[Start of section]
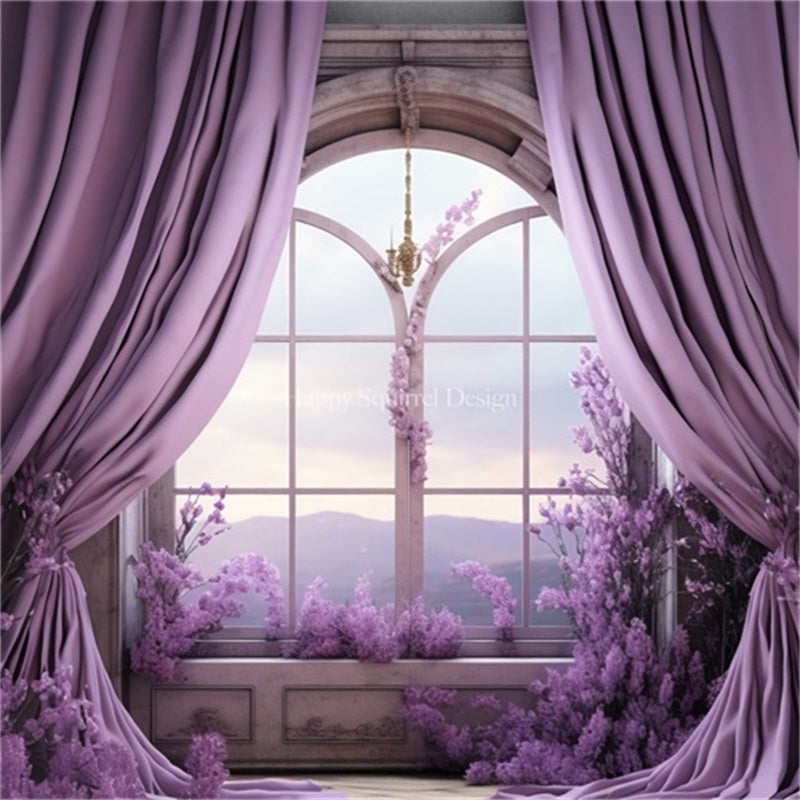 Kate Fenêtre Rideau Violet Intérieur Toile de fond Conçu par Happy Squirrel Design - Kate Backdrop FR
[End of section]
[Start of section]
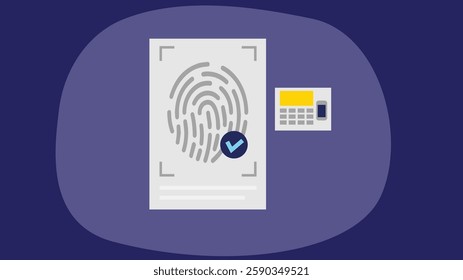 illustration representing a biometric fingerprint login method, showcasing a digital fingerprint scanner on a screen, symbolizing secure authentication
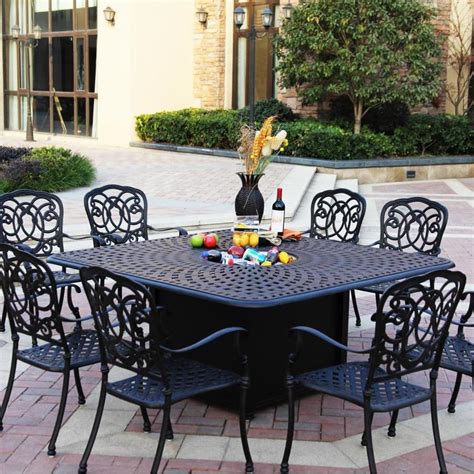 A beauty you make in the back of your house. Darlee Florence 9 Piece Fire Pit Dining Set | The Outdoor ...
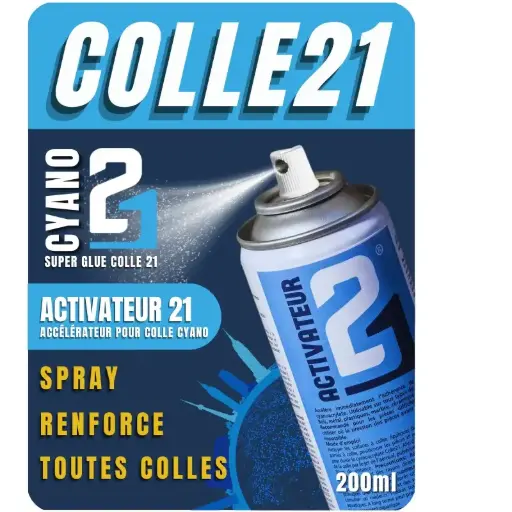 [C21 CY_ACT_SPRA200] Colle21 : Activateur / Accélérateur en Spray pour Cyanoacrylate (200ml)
[End of section]
_Task requirements_
Output exactly those lines of the data above that run from the line with "illustration representing a" up to and including the line with "[C21 CY_ACT_SPRA200] Colle21". No pictures go in.

_Answer for this exercise_
 illustration representing a biometric fingerprint login method, showcasing a digital fingerprint scanner on a screen, symbolizing secure authentication
 A beauty you make in the back of your house. Darlee Florence 9 Piece Fire Pit Dining Set | The Outdoor ...
 [C21 CY_ACT_SPRA200] Colle21 : Activateur / Accélérateur en Spray pour Cyanoacrylate (200ml)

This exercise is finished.